I've seen that book on three different "year's best" list this afternoon. Holy crap: I just went to see if my library has it... I'm 50th in line! I'll probably get Downton Abbey Series Six before that comes in...
It was my wife who found a review early on. She scans the Sunday papers for books and movies. She was just second in line. Just checked, the number now is 82.
Called in the library on my way home and dropped books off. Then found the latest John Sandford "Deadline" on the shelf. A Virgil Flowers story. I like Sanford a lot, I've said before: I wish I could write like him. Got into his "Prey" series way back. Realistic conversations and cop humour. Good read, some LOL moments with the cop humor.
Sink 'Em All - Charles Lockwood “Uncle Charley” was Commander, Submarines, Pacific Fleet from Feb 1943 til the end of the war. An interesting account of the “Silent Service.”
Who Fears Death by NNedi Okorafor A young woman with certain...abilities in a post apocalyptic West Africa. Very good so far.
Either 2nd or 3rd on my list of favorite running books behind Born to Run and maybe Eat to Run, Matt Inman uses his fantastic sense of humor to deliver what is actually some sound advice about distance running and by far the best definition of a marathon ever.
I started the third tome in the Ken Follet trilogy. Another of those "well I've read the first two got to see how it ends." Starts in the 60's in the "Cold War" Got to admit, I'm not a fan of Follett. Well I liked "Eye of an Eagle" a lot. But I tire of his: He said, she said style and his dialog, conversations don't come over as real. People don't talk to each other like that. Of course that's just IM (Not so H ) O. He does however puts an interesting story together and that's what keeps me. This'll keep me going over Xmas.
Wrapping up the year with one more walking book... Wild: Lost and Found on the Pacific Crest Trail by Cheryl Strayed. I was a bit alarmed when I found out it had been made into what sounds like a chick flick starring Reese Witherspoon, but the book is pretty good so far. I figure that if I could get through Eat, Pray, Love with my heterosexuality intact, I was good to go on this one, which like I said is worthwhile so far.
Eat pray love is a book for the Rape/sexual assault thread. From what I've read about Wild, seems similar.

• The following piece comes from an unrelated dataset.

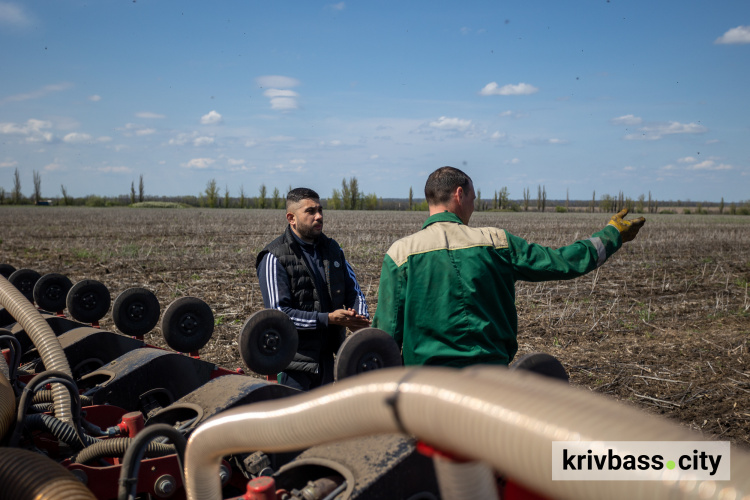 Посівна на Дніпропетровщині: засіяли майже 35% гороху, пшениці, ячменю та кукурудзи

Not a bad read, I enjoyed it. My wife has it on her list to see. (That means I get dragged along, kicking and screaming ) In the 70's (Did I hear a groan..) I hiked those trails about every summer weekend though the Sierras, long before there was a Pacific Crest Trail. They ruined a couple of my favourite Golden Trout fishing lakes when they worked the trail. I lived at sea level, beach cities LA. and hiked a different pass up from Owens Valley (395) each time. Those passes range between 10,000 to 11,500. Lottsa switchbacks.
I'm making a huge dent in it, though I'm hoping that the current weather forecast is right and that we get a couple hour's break in the rain so I can get a hoof in.

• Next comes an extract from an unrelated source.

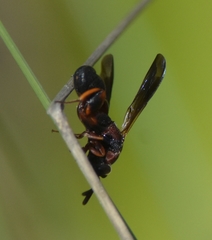 Leucospis robertsoni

Another classic that I'm finally getting around to. The first one that I've read that matches up with more of the common description/modern depiction of the story.
Always a good read, one of the earliest of novels. Based on the book "The Life and Adventures of Alexander Selkirk" The island was called Juan Fernandez, it has now, I believe, been changed to Isla Robinson Crusoe. About 300 miles west of Chile. I know you wanted to know that..
Another fun book as a companion: The Man Who Saved Robinson Crusoe: The strange surprising adventures of the original Robinson Crusoe and his most remarkable rescuer James Poling I used to love this genre as a kid...OK and a young man. Tarzan of the Apes, Swiss Family Robinson etc. Can't tell, can you?
Walt Whitman's Leaves of Grass, the 150th Anniversay Edition, by Walt Whitman, ed. David S. Reynolds, the original 1855 edition, with excerpts from several reviews, most not very complimentary...
Mrs. Ismitje and I are both reading books from Lois McMaster Bujold this fine holiday week. I picked up an "omnibus" of two books and a short story. The first is a book called The Warrior's Apprentice, the second a Hugo and Nebula Award winning story published first in Analog called "The Mountains of Mourning," and the third a Hugo-winning novel called The Vor Game. I just about finished what would be the first third and love it.
Had a gift card for the book store, so on recommendation, picked up this: Looks to me the most intriguing from everything I'm interested in (usually don't gravitate towards magical/mystical type books or characters). Thanks NER And I found it amusing that my mom picked up this, so she could complete her trilogy.
Black Mountain Days: a Memoir by Michael Rumaker. An account of the author's time at a long defunct experimental arts college in very rural North Carolina in the early fifties. His teachers were all soon to be influential poets, painters, composers and dancers, as were a lot of his classmates.
And it did! Much as I dislike Follett's dialog, his story line is hard to fault. Sucked me back in to the continuation of the previous two 'parts' of his story. From just before the emergence of the Berlin wall to the tearing down of it. The Kennedy Khrushchev years to the Nixon admin. Well researched and laid out. US history rightly has the Cuba crisis as a Khrushchev Kennedy battle and it "really nearly" came down to world annihilation due to the war hawk militant advisors on both sides. The two leader kept it together and decided not to end the world as we knew it. Kennedy kept the missiles out of Cuba(r) and Khrushchev had the missiles removed from Turkey. Relief from me, I was a reservist (TA) in Liverpool. Britain had nukes and were allied to the US, the Russians hadn't forgotten us and we were just 4 minutes away from someone pushing a button! I received a letter that week and a rail pass and was told pack my shit, to listen to BBC for instructions of where to muster.
Since I'll probably finish this before we head out tonight... Faces in the Crowd by Valeria Luiselli, a young writer (Mexican, raised in South Africa, living in NYC, publishing in works in both Spanish and English, but in spite of extensive translation credits, she doesn't translate her own writing... unless the translator of this text is a pseudonym for ... Valeria Luiselli).
I went back to my younger days and pulled a nearly-all-nighter reading last evening, figuring I was going to be up late tonight as well. I finished the Bujold book, which I enjoyed, and am thumbing through some short stories so I am not stuck in the middle of one tonight. And I think EvanJ jumped the gun on that new thread!